Well we’ve got the rundown on that for you, coming up. Ian here with Simpawtico Dog Training
and before we get into name recognition strategies please make sure you’re
subscribed so you never miss any of our videos. Also follow us on all the major
social networks and don’t forget to check that YouTube description for notes,
links, and resources about the stuff we talked about. Now, dogs don’t have the
same attachment to their names like we do. To us our name is a big part of who
we are. It’s deeply tied into our identity. However dogs don’t have that
same kind of attachment to it. Dogs don’t process language like we do. They really
just memorize the meanings of sounds they hear often.
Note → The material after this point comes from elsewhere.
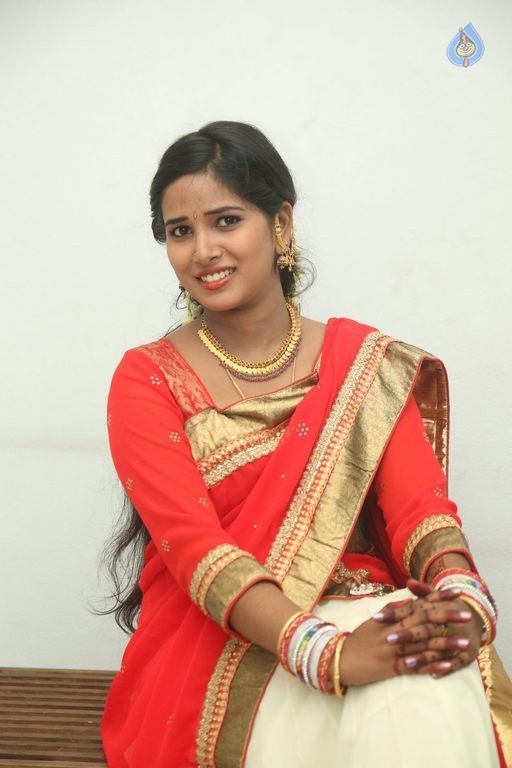 Mynaa Photos - 29 / 29 photos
Then they learn to
respond in a particular way to particular sounds that we make. So to a
dog their name is simply a sound that means, “Hey check this out!” So we use their
name to call them into attention and to proceed requests and to help them
differentiate requests made to multiple dogs. Due to this it’s not only easy to
teach a young dog their name it’s pretty easy to change a newly adopted dog’s
name to whatever you want. And if you’re newly adopted dog came from an abusive
situation changing the name will help you start with a clean slate since they
may have negative associations with hearing their old name. To dogs the words
that we teach them become antecedents that predict something else. So for
example when we say “Sit,” that should predict the action of putting their
bottom on the ground. This is a classically conditioned relationship
similarly if we say something like “Do you want to go for a walk?” or mention
riding in the car your dog gets all psyched because they have a good
expectation about what those words predict. So we need to do the same thing
with their name and we do that with a classical conditioning exercise. Grab a
handful of high-value treats or do this at mealtime and hand feed your dog.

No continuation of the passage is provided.